Nossas polícias são as que mais matam no mundo e isso é culpa,
essencialmente, de um Judiciário cúmplice. A opinião negativa sobre o
Judiciário "bolivariano" de outros países é opinião, em geral, de quem
não conhece esses países e apenas externa o famigerado senso comum, que é
invariavalmente fruto da campanha da mídia imperialista para atacar
governos populares, que ousaram romper privilégios seculares].
É exatamente nessa área, de desmoralização da imprensa e da Justiça,
que o governo resolveu atuar agora, em sua ofensiva de contranarrativa
do que está acontecendo no país desde que há dois anos começaram as
investigações policiais de irregularidades num posto de gasolina e lava a
jato de automóveis no Paraná, trazendo à baila doleiros, sonegação
fiscal, evasão de divisas, cartel de empreiteiras, licitações
combinadas, desvio de dinheiro da Petrobras, propina a dirigentes e
políticos, compra de apoio parlamentar, contas ilegais no exterior. E
mais, ao que tudo indica, tentativa de obstrução da Justiça.

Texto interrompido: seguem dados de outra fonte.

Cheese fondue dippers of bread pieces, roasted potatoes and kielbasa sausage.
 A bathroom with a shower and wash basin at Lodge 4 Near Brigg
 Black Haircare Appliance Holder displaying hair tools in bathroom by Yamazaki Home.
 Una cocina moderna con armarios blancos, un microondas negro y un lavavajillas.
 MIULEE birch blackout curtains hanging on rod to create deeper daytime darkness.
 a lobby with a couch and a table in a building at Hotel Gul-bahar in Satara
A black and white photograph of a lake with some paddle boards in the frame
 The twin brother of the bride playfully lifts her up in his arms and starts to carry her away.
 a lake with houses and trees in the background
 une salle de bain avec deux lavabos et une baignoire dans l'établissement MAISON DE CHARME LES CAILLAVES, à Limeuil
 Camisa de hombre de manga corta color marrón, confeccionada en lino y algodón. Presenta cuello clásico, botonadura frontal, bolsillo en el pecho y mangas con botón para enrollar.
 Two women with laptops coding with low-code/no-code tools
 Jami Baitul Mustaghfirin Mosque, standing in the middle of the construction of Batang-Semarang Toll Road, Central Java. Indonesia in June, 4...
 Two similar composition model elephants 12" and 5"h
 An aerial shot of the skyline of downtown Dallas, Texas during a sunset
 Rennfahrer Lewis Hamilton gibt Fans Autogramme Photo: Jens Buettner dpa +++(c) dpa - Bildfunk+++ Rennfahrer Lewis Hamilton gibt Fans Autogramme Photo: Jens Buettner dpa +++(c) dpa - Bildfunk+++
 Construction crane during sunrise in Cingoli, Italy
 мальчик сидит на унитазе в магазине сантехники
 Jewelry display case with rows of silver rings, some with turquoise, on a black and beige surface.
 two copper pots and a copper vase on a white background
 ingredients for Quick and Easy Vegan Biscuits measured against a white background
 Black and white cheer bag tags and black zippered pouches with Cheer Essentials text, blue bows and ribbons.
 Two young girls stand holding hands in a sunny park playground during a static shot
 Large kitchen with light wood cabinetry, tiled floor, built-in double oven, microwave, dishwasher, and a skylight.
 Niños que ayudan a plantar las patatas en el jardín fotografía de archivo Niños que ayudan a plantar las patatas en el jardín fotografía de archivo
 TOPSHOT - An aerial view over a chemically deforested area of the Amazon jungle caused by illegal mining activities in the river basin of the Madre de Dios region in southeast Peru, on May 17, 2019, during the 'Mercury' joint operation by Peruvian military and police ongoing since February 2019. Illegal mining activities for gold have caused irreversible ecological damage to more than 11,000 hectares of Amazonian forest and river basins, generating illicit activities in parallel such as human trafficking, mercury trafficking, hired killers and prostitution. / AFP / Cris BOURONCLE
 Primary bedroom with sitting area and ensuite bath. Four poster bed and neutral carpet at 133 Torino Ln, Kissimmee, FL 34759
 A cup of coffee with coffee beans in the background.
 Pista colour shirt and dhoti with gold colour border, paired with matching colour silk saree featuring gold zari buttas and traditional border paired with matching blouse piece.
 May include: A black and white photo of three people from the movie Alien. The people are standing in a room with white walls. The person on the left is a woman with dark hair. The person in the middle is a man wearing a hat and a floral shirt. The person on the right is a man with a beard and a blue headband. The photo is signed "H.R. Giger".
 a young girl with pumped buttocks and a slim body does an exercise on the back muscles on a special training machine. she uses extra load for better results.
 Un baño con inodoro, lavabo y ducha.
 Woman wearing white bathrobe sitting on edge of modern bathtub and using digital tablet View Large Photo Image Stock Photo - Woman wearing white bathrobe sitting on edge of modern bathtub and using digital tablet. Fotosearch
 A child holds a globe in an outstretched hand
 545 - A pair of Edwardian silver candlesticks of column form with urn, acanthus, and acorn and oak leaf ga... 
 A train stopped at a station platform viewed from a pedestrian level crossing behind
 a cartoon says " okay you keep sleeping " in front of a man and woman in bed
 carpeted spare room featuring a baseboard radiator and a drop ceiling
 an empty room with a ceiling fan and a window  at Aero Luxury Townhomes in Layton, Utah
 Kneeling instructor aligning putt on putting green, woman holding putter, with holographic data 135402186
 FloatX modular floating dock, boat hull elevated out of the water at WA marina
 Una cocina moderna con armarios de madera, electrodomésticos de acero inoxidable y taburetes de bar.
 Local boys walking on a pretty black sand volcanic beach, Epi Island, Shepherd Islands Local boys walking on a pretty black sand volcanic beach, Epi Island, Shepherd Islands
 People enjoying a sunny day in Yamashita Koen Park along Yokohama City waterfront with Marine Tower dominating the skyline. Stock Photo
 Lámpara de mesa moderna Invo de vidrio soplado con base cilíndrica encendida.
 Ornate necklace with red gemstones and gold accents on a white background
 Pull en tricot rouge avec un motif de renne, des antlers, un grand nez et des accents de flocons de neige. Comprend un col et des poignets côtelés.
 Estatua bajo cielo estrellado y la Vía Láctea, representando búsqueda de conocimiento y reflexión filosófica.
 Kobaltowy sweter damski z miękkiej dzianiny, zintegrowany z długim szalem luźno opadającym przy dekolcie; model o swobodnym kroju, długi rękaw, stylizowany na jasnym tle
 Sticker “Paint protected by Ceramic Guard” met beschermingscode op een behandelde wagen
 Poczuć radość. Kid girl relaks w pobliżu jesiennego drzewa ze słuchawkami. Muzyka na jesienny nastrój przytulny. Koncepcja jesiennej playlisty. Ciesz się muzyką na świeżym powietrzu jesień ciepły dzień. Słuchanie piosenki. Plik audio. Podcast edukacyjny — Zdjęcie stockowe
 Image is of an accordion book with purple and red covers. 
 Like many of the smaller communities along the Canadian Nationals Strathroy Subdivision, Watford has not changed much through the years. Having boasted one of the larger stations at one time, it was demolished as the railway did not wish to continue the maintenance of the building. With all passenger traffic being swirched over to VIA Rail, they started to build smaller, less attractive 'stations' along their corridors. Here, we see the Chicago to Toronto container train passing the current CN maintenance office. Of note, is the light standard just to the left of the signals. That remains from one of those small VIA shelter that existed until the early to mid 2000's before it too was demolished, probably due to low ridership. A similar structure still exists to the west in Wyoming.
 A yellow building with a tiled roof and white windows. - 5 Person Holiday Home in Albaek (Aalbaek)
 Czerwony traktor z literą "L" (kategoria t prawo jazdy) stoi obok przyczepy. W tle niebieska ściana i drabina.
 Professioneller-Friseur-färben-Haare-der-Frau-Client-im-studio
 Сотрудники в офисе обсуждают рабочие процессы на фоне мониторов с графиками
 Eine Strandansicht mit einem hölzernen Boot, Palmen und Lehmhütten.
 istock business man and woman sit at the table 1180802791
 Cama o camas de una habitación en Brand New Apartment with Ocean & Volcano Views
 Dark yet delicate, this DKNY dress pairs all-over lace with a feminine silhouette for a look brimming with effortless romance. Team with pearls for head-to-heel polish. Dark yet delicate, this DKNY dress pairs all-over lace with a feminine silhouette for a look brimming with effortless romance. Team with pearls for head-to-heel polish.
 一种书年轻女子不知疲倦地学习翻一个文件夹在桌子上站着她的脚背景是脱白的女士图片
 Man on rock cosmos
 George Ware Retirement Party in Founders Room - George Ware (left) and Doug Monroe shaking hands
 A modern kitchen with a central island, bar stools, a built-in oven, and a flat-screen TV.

[Desculpe, Ana, mas não é verdade. A crítica à imprensa e ao
judiciário vem da sociedade civil, organizada e desorganizada. Não do
governo, que infelizmente é mudo. As denúncias contra a Lava Jato são
feitas por juristas reconhecidos e até ministros do STF. Hoje está claro
para muita gente, fora do governo, que se trata de uma operação
recheada de ilegalidades, desde a sua origem. E não houve nenhuma
tentativa de obstrução da Justiça - quer dizer, houve sim, por parte da
mídia, que passou a ser parte integrante da operação Lava Jato,
recebendo vazamentos seletivos e pressionando tribunais superiores,
inclusive via chantagens de assassinato de reputação, a não contestarem
as decisões de Sergio Moro. O habeas corpus, por exemplo, foi
praticamente abolido na Lava Jato. Essa visão fascista do sistema penal
vê obstrução de justiça apenas quando identifica qualquer coisa que
ajuda o réu; mas é evidente que se obstrui a justiça quando se persegue o
réu ou há qualquer abuso de autoridade. Abuso de autoridade é obstrução
de justiça também.]
Nessa estratégia vimos nos últimos dias uma escalada de ações para
inglês ver, muitas vezes manipulando gente de bem, que não compactua com
bandidos e se deixou convencer de que tudo não passa de uma perseguição
pessoal do Judiciário e da mídia contra Lula ou o governo, ou de que há
mesmo um complô dos inimigos do povo para tirar dos pobres tudo o que
eles melhoraram nos últimos tempos ou liquidar a Petrobras para que os
ianques venham se apossar dela a preço de banana.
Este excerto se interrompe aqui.